Open agitter opened 6 years ago
Updated with published version. Code is here: https://github.com/isayev/ReLeaSE
Not sure I'm doing this correctly, but reading through this paper now and wanted to try contributing by sharing my summary and thoughts.
Popova et al. describe a strategy for in silico design and optimization of drugs toward arbitrary molecular properties that connects two deep neural networks with reinforcement learning (RL). Both of the deep neural networks are trained only on SMILES molecular representations, which is critical for integrating the de novo structure generation and property prediction into a single RL system.
Two deep neural networks are used: one generative network (G) and one predictive network (P).

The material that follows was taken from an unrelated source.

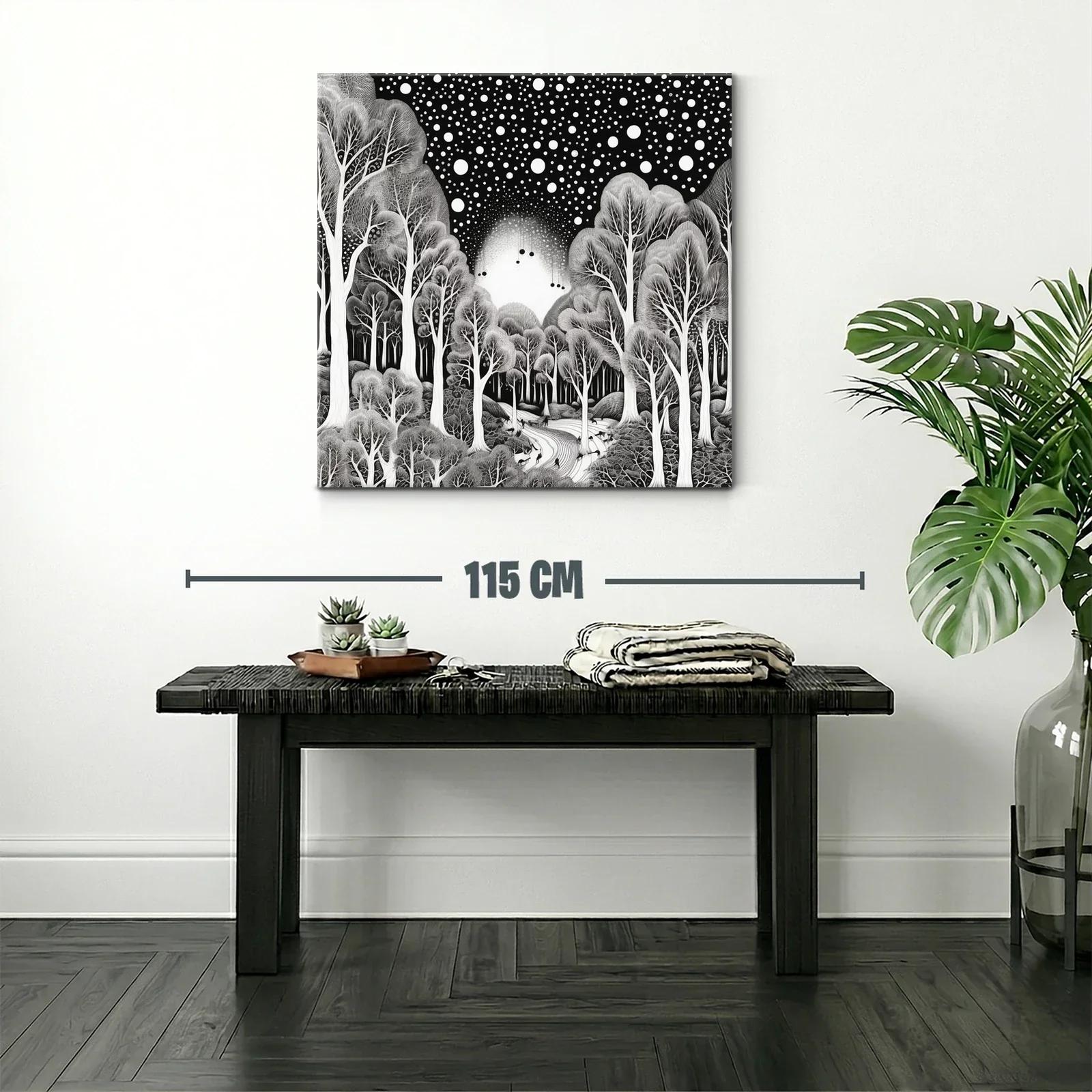 Bosque mágico bajo un cielo estrellado en blanco y negro — miniatura 2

G is a specific type of generative RNN, a stack-RNN [@arxiv:1503.01007], which was chosen because generation of valid SMILES requires the ability to count rings, valence electrons, and check for multiple bracket opening and closings. LSTM and GRU architectures cannot count and are therefore unsuitable for generating SMILES. Although the stack-RNN is a logically sound choice for this task, Neural Turing Machines are also theoretically a sound choice.

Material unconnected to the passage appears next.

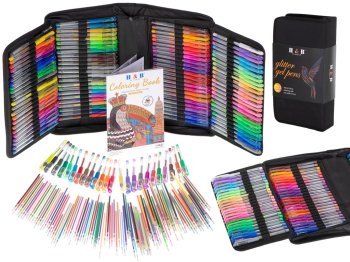 Colored Gel Pens Set in Case, 120 pcs + 120 Refills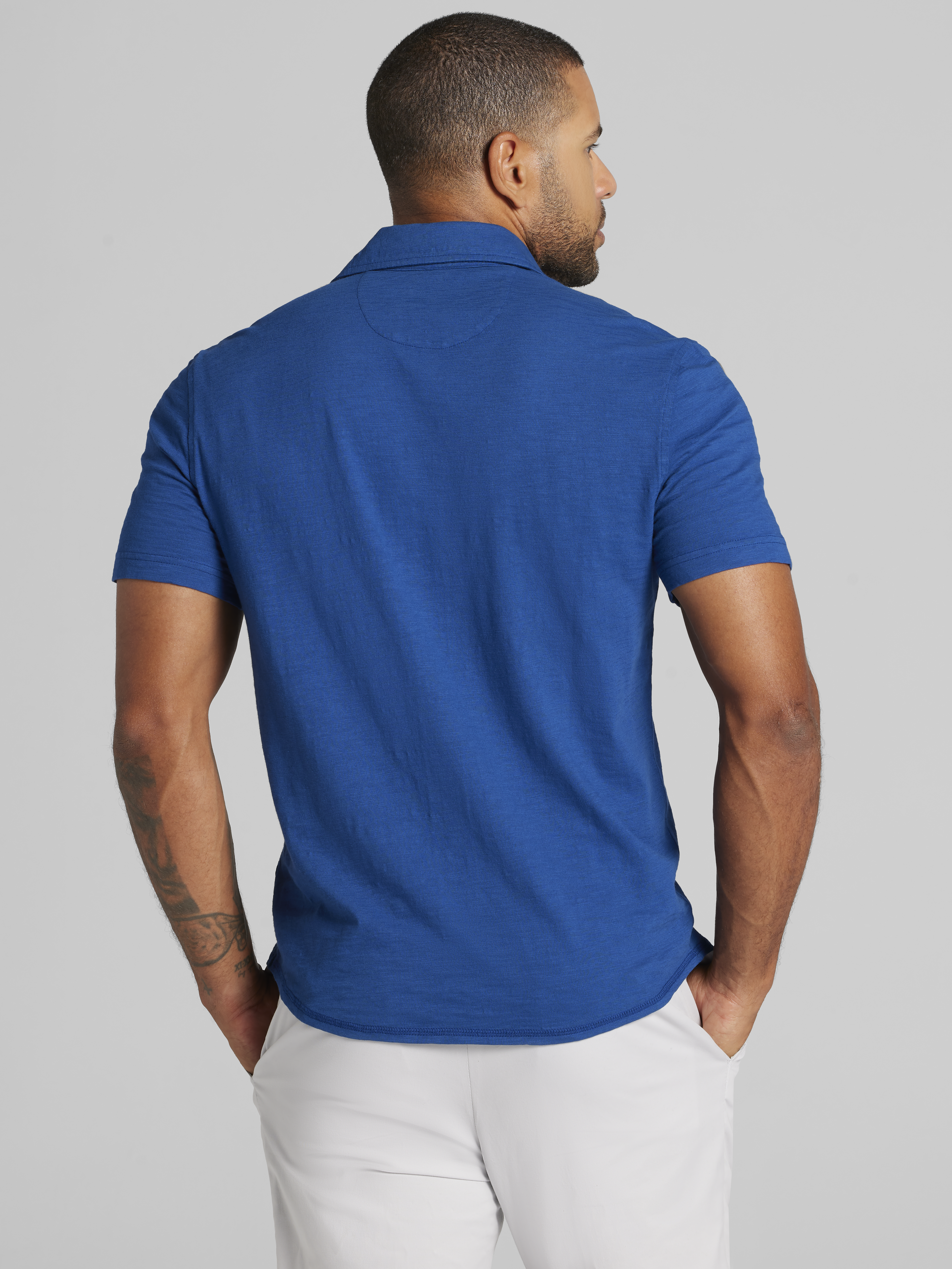 Modern Fit Short Sleeve Knit Button Up Shirt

P is a deep neural network with (2) one embedding layer, (2) one LSTM layer, and (3) two dense layers. P is designed to compute arbitrary molecule properties, i.e. can be trained to map SMILES to any molecular property. P is unique compared to other quantitative structure-activity relationship computation methods in that it requires no numerical descriptor of the input molecule. P was trained here to predict three different properties: Tm (melting temperature), logP, and pIC50.

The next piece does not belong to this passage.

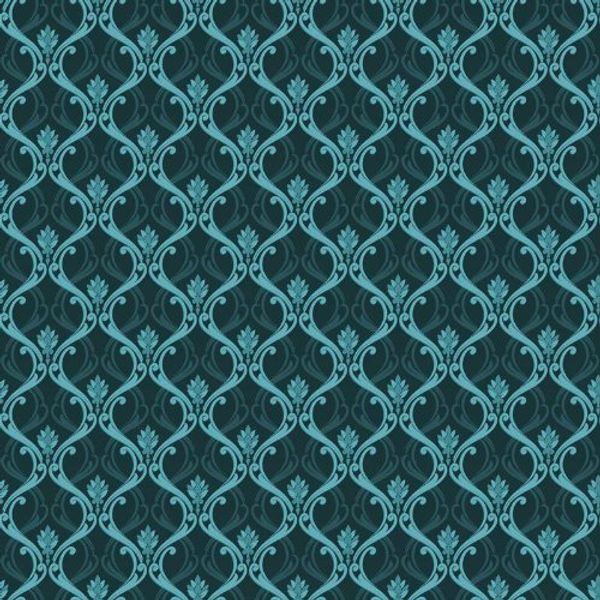 MyTinyWorld Dolls House Miniature Teal Classic Wallpaper Design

RL formulation - The problem of generating chemical compounds with desired properties can be formulated as a task of finding a vector of parameters of a policy network that aims to maximize expected reward.
G was trained on 1.5 million molecules from Chembl21, and then used to generate a set of 1 million molecules de-novo. Of the 1M generated SMILES, 95% of the molecules produced by G were valid structures according to ChemAxon. Less than 0.1% of the SMILES produced were present in the training set. Strikingly, only 3% of the 1 million SMILES generated by G were found in the ZINC database. The authors demonstrate the value of using stack-augmented RNN by training another RNN without this feature, and showed that the stack-RNN produced a distribution of less similar molecules, with repeats of identical molecules. Finally, they determine that although the molecules generated by their stack-RNN were very unique compared to other databases, these molecules were synthetically approachable according to the synthetic accessibility score (SAS) [@doi:10.1186/1758-2946-1-8]. Taken together, it seems that this model certainly does not simply memorize the input data, and can be used to produce novel chemical diversity. However, production of invalid structures 1/20 times still seems high, and there is room to explore how invalid structures might be eliminated or disfavored during training.
P was trained and found to have excellent accuracy compared to a random forest in predicting logP. The model also had excellent ability at predicting Tm.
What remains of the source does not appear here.